Kılıç dört eşsiz insandır, bir kılıç dışarı çıkar, üç bin dünyayı yok eder, yüz milyonlarca canlıyı öldürür, öyle bir kılıç ki, insanların kanlı bir dünya görmesini sağlıyor gibi görünüyor. Bu üç bin cihanda milyarlarca canlı katledildi, kemikleri dağlar gibi oldu, kan nehirleri aktı ve sonsuz canlılar bu kılıcın altında feryat etti.
Bu kılıcın altında, herhangi bir hayat sadece bir karıncadır, o kadar korkunç bir kılıçtır ki, bu nasıl güçlü keşişleri şok edip çığlık attırmaz?

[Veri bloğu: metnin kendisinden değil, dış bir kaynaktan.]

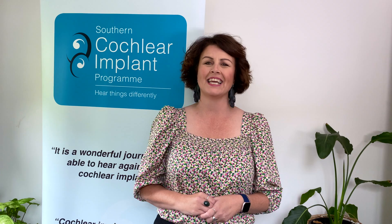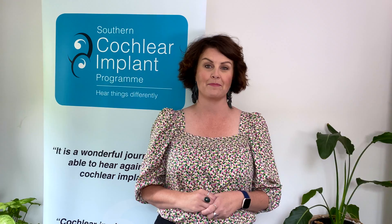Hi, I'm Nikki Klein, Rehabilitationist at the Southern Cochlear Implant Program, or SCIP. Today on Did You Know, we're talking about mask wearing.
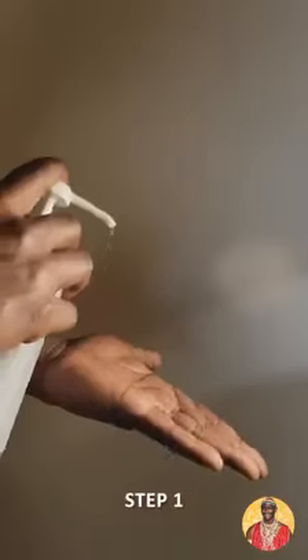Once you have the sanitizer, spread it on your palm. It's really important that it's well spread.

Jian Jiu’nun atışı, irfan acımasız, ateş eder etmez “Eşsiz Kılıç”, kılıcın ön ısıtması yok, bir kılıç ve iki kılıç üç, kılıç dört eşsiz, bir atış, daha da ölümcül.
Matsuba Kılıç Lordu’nun gücünün çok güçlü olduğuna şüphe yok ve Jian Jiu’nun bir kılıç, bir kılıç, iki kılıç ve bir üçle ısınmasına izin vermeye gerek yok.
On bin kılıcın öldürülmesi karşısında, Matsuba’nın kılıç ustası bir adımda antik çamın altına çekildi ve sonsuz kılıç “çan, çan, çan” sesini duydu ve aşağı sarkan binlerce çam yaprağının bu anda binlerce ilahi kılıca dönüştüğünü gördü ve ilahi kılıçlar birer birer düşerek çam yaprağı kılıcının efendisini korudu.